明烏(あけがらす)は、落語の演目の一つ。
新内節の「明烏夢泡雪」を下敷きにしており、内容がそっくりそのまま吉原へのいわば「入門テキスト」になっている。
あらすじ
息子が道楽者だと親は心配するが、あまりに堅物すぎても親は同様に心配するようだ。
日向屋の若旦那である時次郎は、一部屋にこもって難解な本ばかり読んでいるような頭の固い若者。
悪所遊びとは一切無縁、「そんないかがわしいことなど、いけません!」
そのあまりの堅物ぶりに閉口した父親は、「遊びも知らぬ世間知らずでは困る」と、町内でも「札付きの遊び人」の源兵衛と多助に、時次郎を吉原に連れて行くよう頼み込む。
費用は日向屋持ちというので二人は面白がって大張り切り、吉原なんて恐ろしいところだ、と信じ込んでいる時次郎を「お稲荷様にお篭りしましょう」と誘い出した。
まんまと騙された時次郎、信心事ならば詣りましょう、と何の疑いも持たず、連れて行かれたのは吉原の大店。そこでも遊廓を「神主の家」、女主人を「お巫女頭」だと言われ、堅物の時次郎は素直に奥へ上がってしまう。

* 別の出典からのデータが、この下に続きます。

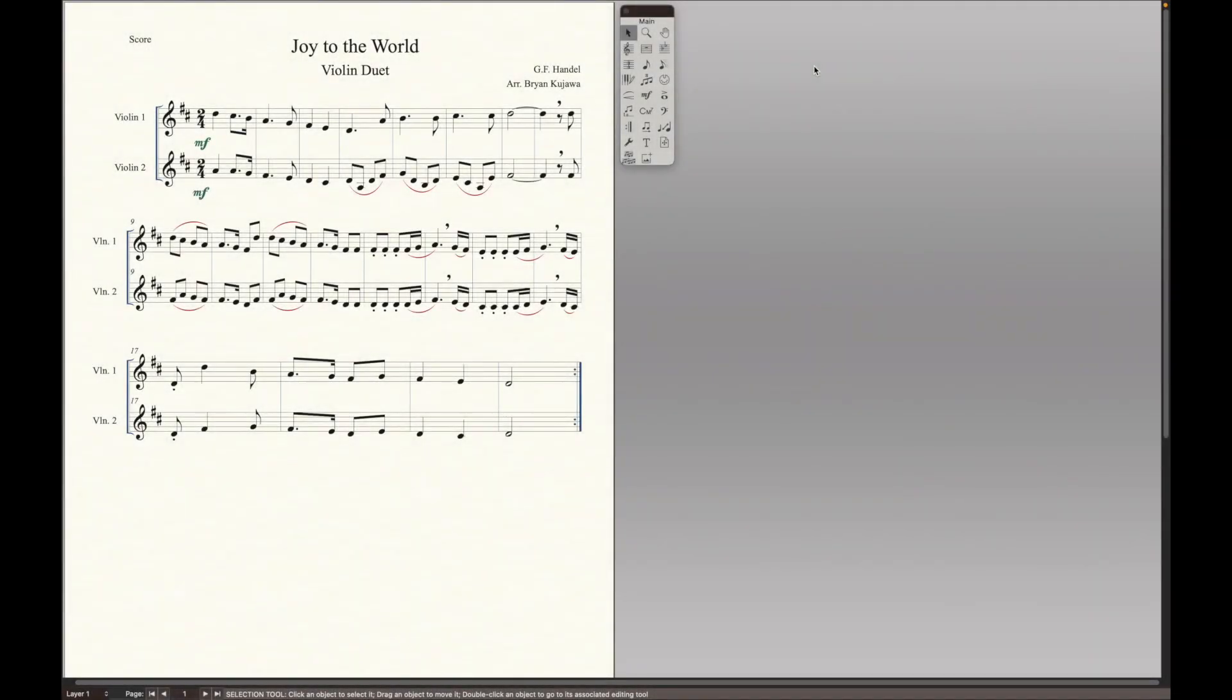All right, what's up YouTube? My name is Brian, and I'm going to show you two quick tips to make your sheet music look better in Finale.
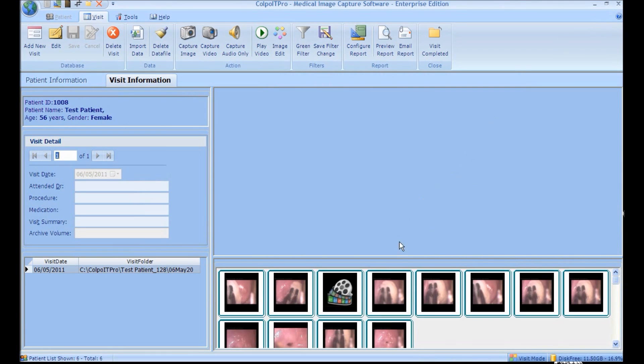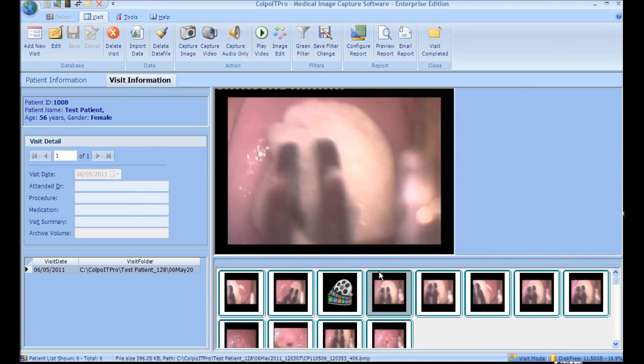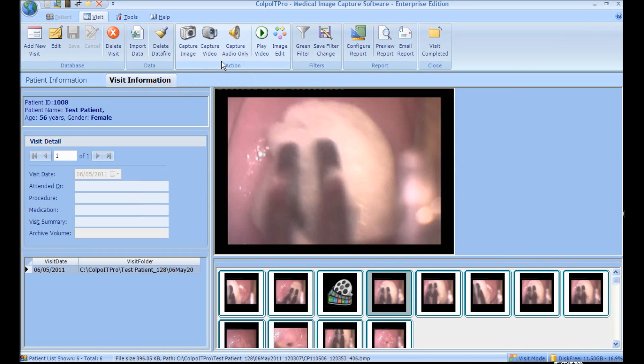Similarly, you can capture an image and record audio by pressing the Capture Image and Capture Audio buttons respectively.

二階で遊女たちに囲まれ、店一番の美しい花魁を前にして、やっと真相に気づいた時次郎。慌てて逃げ出そうとするが「大門には見張りがいて、勝手に出ようとすると袋叩きにされますよ」と多助に脅され、どうしようもなくなって泣く泣く花魁と一夜を共にする羽目に……変な客もいたものである。
翌朝、源兵衛と多助はどちらも相方の女に振られて詰まらぬ朝を迎え、ぶつくさいいながら時次郎を迎えに行く。
戸口に立った二人が出くわしたのは、「男女の理」というものを一夜とっくりと思い知らされ、花魁の魅力にすっかり骨抜きにされた時次郎。一方の花魁も、時次郎のあまりにうぶなところが気に入ってしまい、初見から惚れ込んで離さないという始末。遊び人たち、あまりの事態に閉口する。